PHP/MySQL Encoding

346 Views Asked by At

I have a website, with arabic content which has been migrated from a different server. On the old server, everything was displaying correctly, supposedly everything was encoded with UTF-8.

On the current server, the data started displaying incorrectly, showing نبذة عن and similar characters.

The application is build on the CakePHP Framework.

After many trials, I changed the 'encoding' parameter in the MySql connection array to become 'latin1'. For the people who don't know CakePHP, this sets MySql's connection encoding. Setting this value to UTF8 did not change anything, even after the steps described below.

Some of the records started showing correctly in Arabic, while others remained gibberish.

I have already gone through all the database and server checks, confirming that:

  1. The database created is UTF-8.
  2. The table is UTF-8.
  3. The columns are not explicitly set to any encoding, thus encoded in UTF-8.
  4. Default Character set in PHP is UTF-8
  5. mysql.cnf settings default to UTF-8

After that, I retrieved my data and looped through it, printing the encoding of each string (from each row) using mb_detect_encoding. The rows that are displaying correctly are returning UTF8 while it is returning nothing for the rows that are corrupt.

The data of the website has been edited on multiple types, possibly with different encodings, this is something I cannot know for sure. What I can confirm though, is that the only 2 encodings that this data might have passed through are UTF-8 and latin1.

Is there any possible way to recover the data when mb_detect_encoding is not returning anything and the current dataset is unknown?

UPDATE: I have found out that while the database was active on the new server, the my.cnf was updated. The below directive was changed:

character-set-server=utf8

To

default-character-set=utf8

I am not sure how much this makes a difference though.

Checking the modified dates, I can conclude to a certain degree of certainty that the data I could recover was not edited on the new server, while the data I couldn't retrieve has been edited.

3

There are 3 best solutions below

3
On

Try to fix the problem from DB side .. not from php or DB connection

I advice you to go to your old server and export your DB again with character set UTF8

then after import it to a new server .. be sure that you can see the arabic characters inside the tables(with phpmyadmin) if your tables looks fine ..
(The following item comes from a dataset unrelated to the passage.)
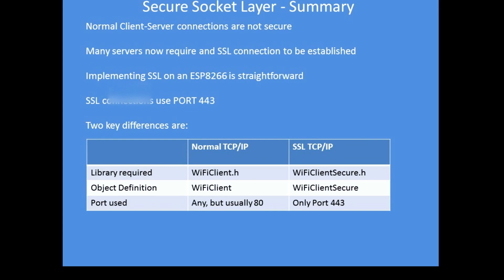Secure socket layers, and the only difference is you need to include a different library, change the object definition to WiFiClientSecure, and use port 443. Otherwise your programs are identical, so it's quite easy to implement.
then you can move to check the next

  • DB connection

  • php file encoding

  • the header encoding in html

as I know if the problem from the DB .. there is no way without export the data again from the old server

Edit:

if you do not have access to your old DB please check this answer it can help you

4
On

You were expecting نبذة عن? Mojibake. See duplicate for discussion and solution, including how to recover the data via a pair of ALTER TABLEs.

0
On

I had a similar problem with migrating database tables encoded with utf8 from a public server to localhost. The resolution was in setting the localhost server encoding using PHP

$db->set_charset("utf8") 

right after the mysqli connection.

Now it works properly.